Whether or not a representation was made on reasonable grounds is an objective test to be determined:
- “as at the date of the representation”; and
- “by reference to the information that was available at the time that the statement was made”.
Mr Bradley suggested a number of facts relating to potential future patent registrations and a potential acquisition of an interest in Semantic’s Intellectual Property by IBM, as reasonable grounds for making the Representation. However, the Court held that this was not a sound or reasonable basis, particularly where Semantic:
- “had no income;
- had secured no contracts to commercialise its products; and
- had not obtained commitment from any large technology company, or anyone, to acquire its intellectual property or invest in Semantic”.
The text of the Information Memorandum also emphasised the dealings that Semantic had purported to have had with “industry leaders” in the technology space and the Court found these to be overstated and misleading as there was no reasonable prospect that anything would come from these dealings.
Mr Bradley and Semantic had therefore engaged in misleading or deceptive conduct for the purpose of s 18 of the Australian Consumer Law.
Reliance and causation
The Court was satisfied that whilst Mr and Ms Vinson understood that there could be a relationship between return and risk, the evidence strongly indicated the probability that they relied on the Representation and promises made by Mr Bradley and Semantic.
But for the warranties and the Representation, the Court was satisfied that Mr and Ms Vinson would not have caused Ebbsfleet or McGee to invest in Semantic.

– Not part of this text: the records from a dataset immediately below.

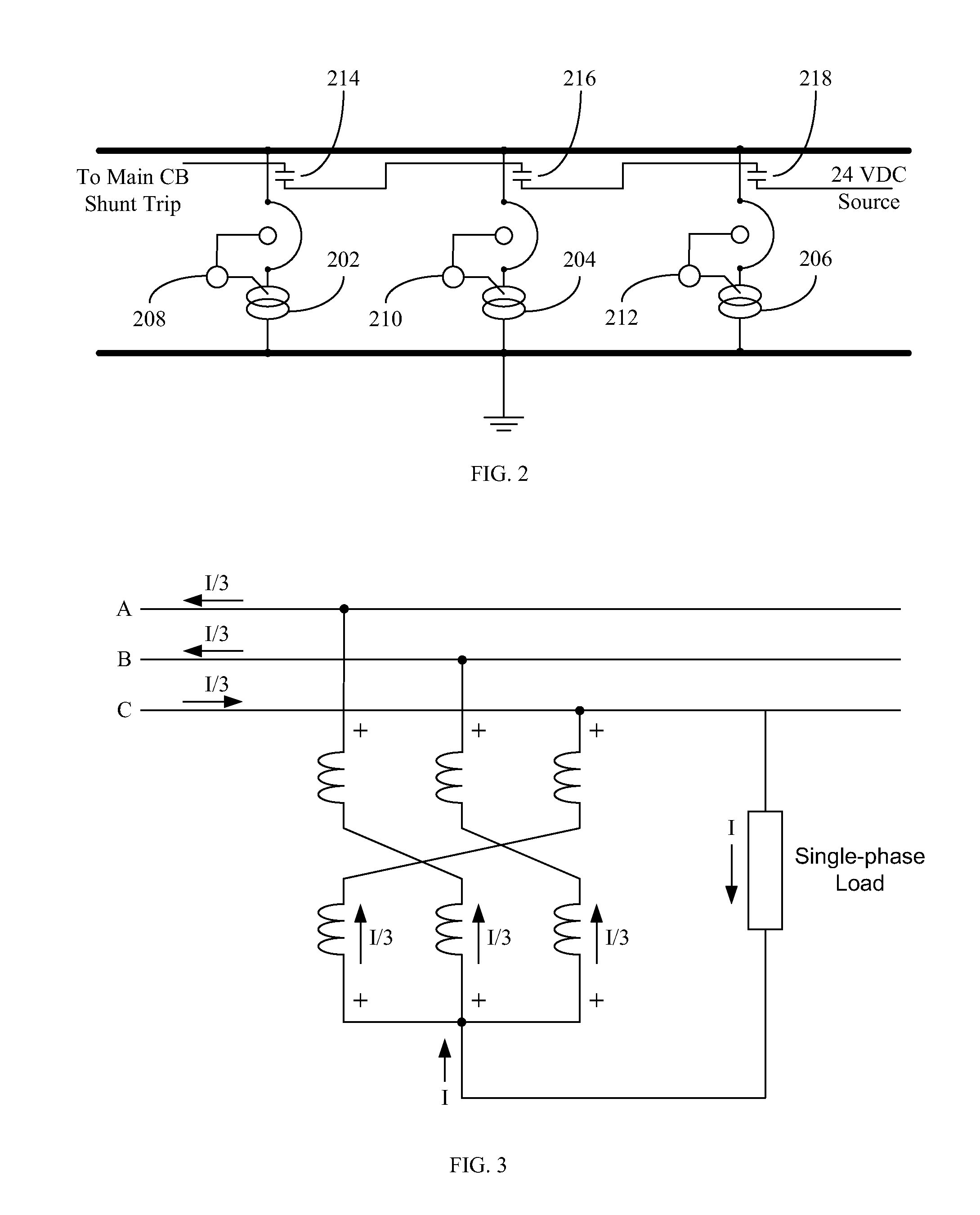 Various methods and apparatuses for an integrated zig-zag transformer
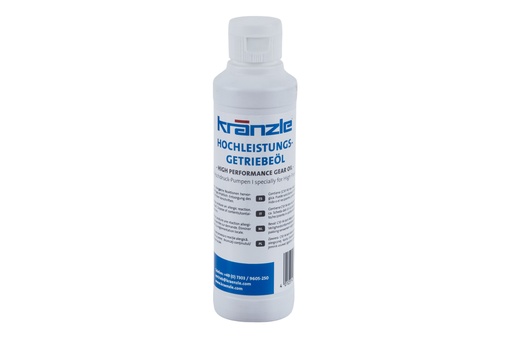 [97400931] Kränzle Pump Oil 15W40 .25 liter bottle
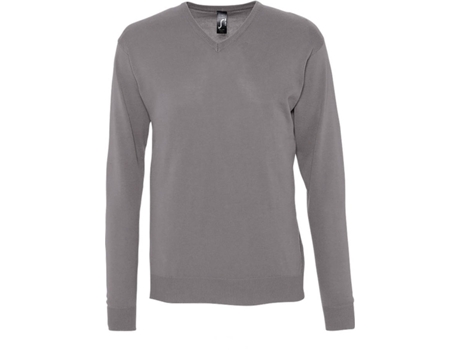 Chaleco SOL'S Galaxy Hombre (S - Gris)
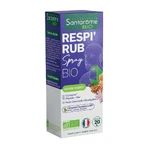 Спрей для носа та горла Santarome Organic Respi'rub 20мл: ціни та характеристики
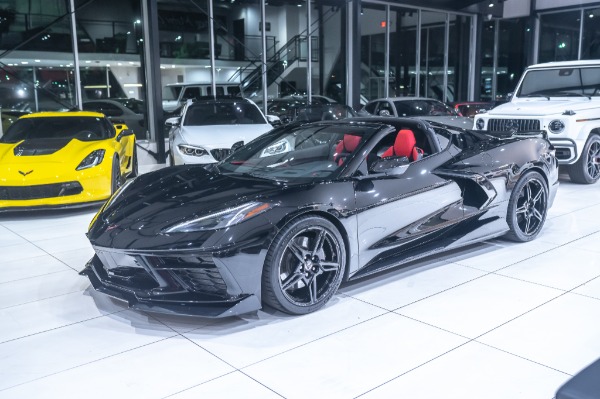 Used-2020-Chevrolet-Corvette-Stingray-Coupe-2LT-with-Z51-Performance-Pkg-GT2-Buckets-LOW-Miles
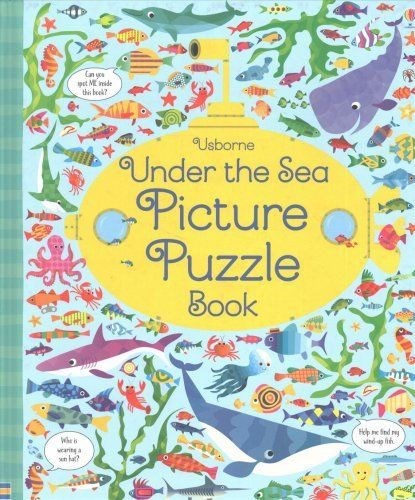 UNDER THE SEA PICTURE PUZZLE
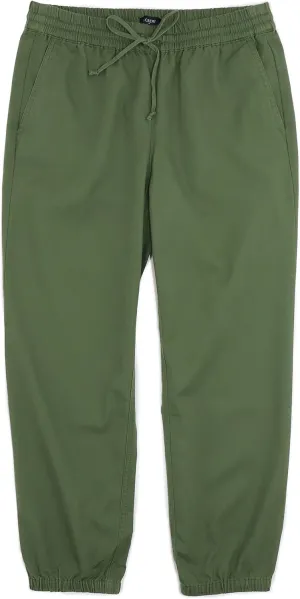 J.Crew Mercantile Women's 26" Soft Twill Jogger Pant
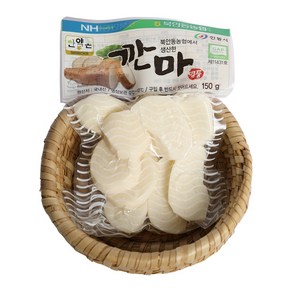 [북안동농협] GAP 국내산 깐마 150g*7팩 (참마 병마 산마 산약 깎은마)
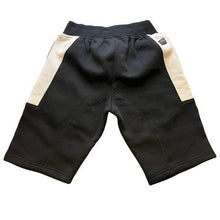 Load image into Gallery viewer, Phat Farm Shorts Boys Medium Color Block Moto Ribbed Panels Casual Comfy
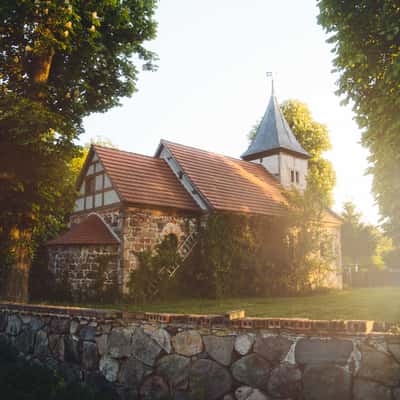 Dorfkirche Ringelsdorf, Germany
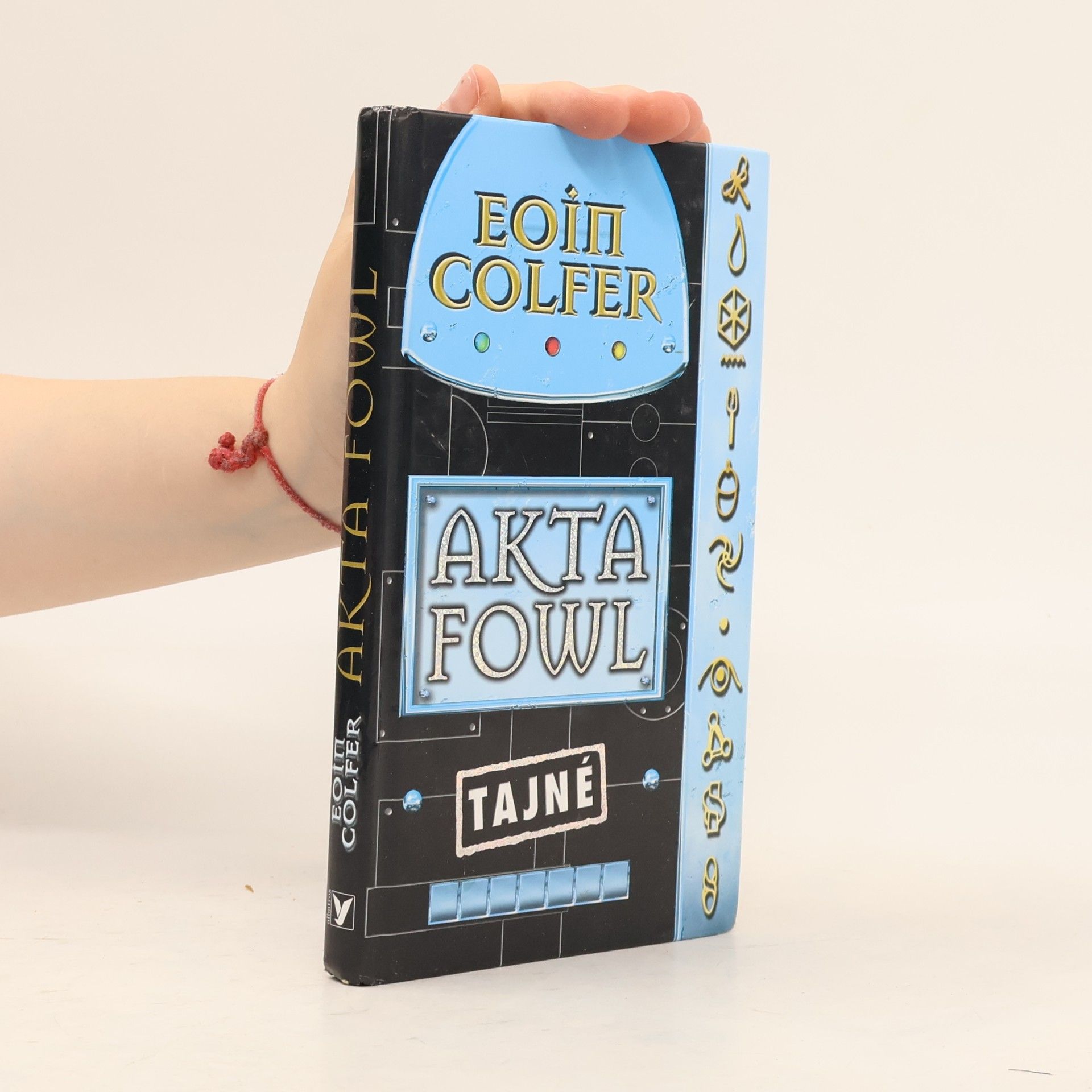 Eoin Colfer Akta Fowl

Investing in early stage companies is inherently risky
Sophisticated investors in start-ups or early-stage ventures recognise the level of risk associated with this asset class, and seek to diversify their exposure across a portfolio of investments. Whilst the investors in this case obtained legally enforceable promises about the future value of the shares they purchased, the extent to which they will recover their losses remains to be seen.
Interestingly, as a the date of publication, Semantic’s website contains the following statement addressed to prospective investors (despite the Court’s finding that the shares issued to the investors in this case were of negligible or no value):
“This is a serious opportunity for safe, well above average returns on investment typical of world leading software companies at the beginning of their early high growth phase. You will profit substantially from an increasing share price based on:
- revenue from our product, our software services, and our “Semantic Academy” education program
- revenue from global software companies licensing our software, and online subscribers
- the growing value of our patent portfolio
- a NASDAQ IPO, or a trade sale, in 2018.”
In light of the Court’s finding, this is one of those cases where the old maxim of “buyer beware” is especially relevant.